We have recently been studying quadratic and cubic sequences in lessons by finding the 2nd and 3rd differences.
I noticed that for any sequence $an^x+bn^{x-1}$.... that $a=\frac{1}{x!}$ of the $x$th difference of the sequence $n^x$
Is there any explanation of this or a proof that this is always the case. I am only at GCSE level so it would be great if you could try to explain it using as little complex terminology and notation as possible.
Thank you!
The $x$-th difference of $n^x$ is $x!$ and the $x$-th difference of the other terms, $bn^{x-1}+\cdots+cn^0$ are zero.
If the leading term is $an^x$ with $a=\frac{1}{x!}$ then the $x$-th difference is $1$
And, yes there is a explanation and proof for this.
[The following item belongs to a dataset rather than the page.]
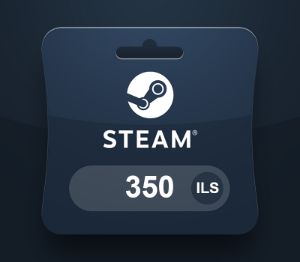 Steam Wallet ILS 350 Подарочная карта IL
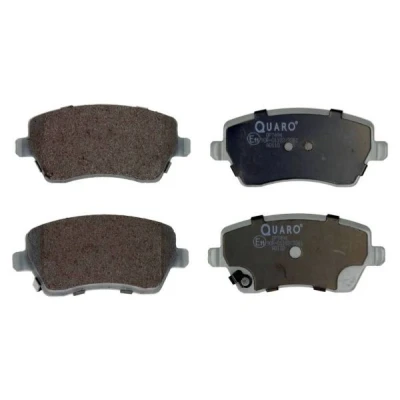 Kuva QUARO QP7494 Jarrupalat Ilman kulumisenilmaisinta RENAULT: Megane 4, CLIO 3, NISSAN: MICRA Note I, II Hatchback, DACIA: Duster SUV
The most easy, that i know, use something called "finite induction" (i don't know if you are familiar with this method of proof).
Informally, every time we apply the difference in a term of the form $n^x$ the result is something of the form $x(n^{x-1}+ \cdots$ other terms) (we decrease the degree of the polynomial by 1).
If we apply the difference one more time the result is $x(x-1) (n^{x-1}+\cdots$ other terms.
If we continue with this process in the $x-1$ difference we will come to $$ x(x-1)\cdots (2)(n+c)$$ , and one more time, using that the difference of $n$ is $1$ and constante is $0$, we obtain in the $x$-th aplication $$x(x-1)\cdots (2)(1)=x! $$ independent of $n$.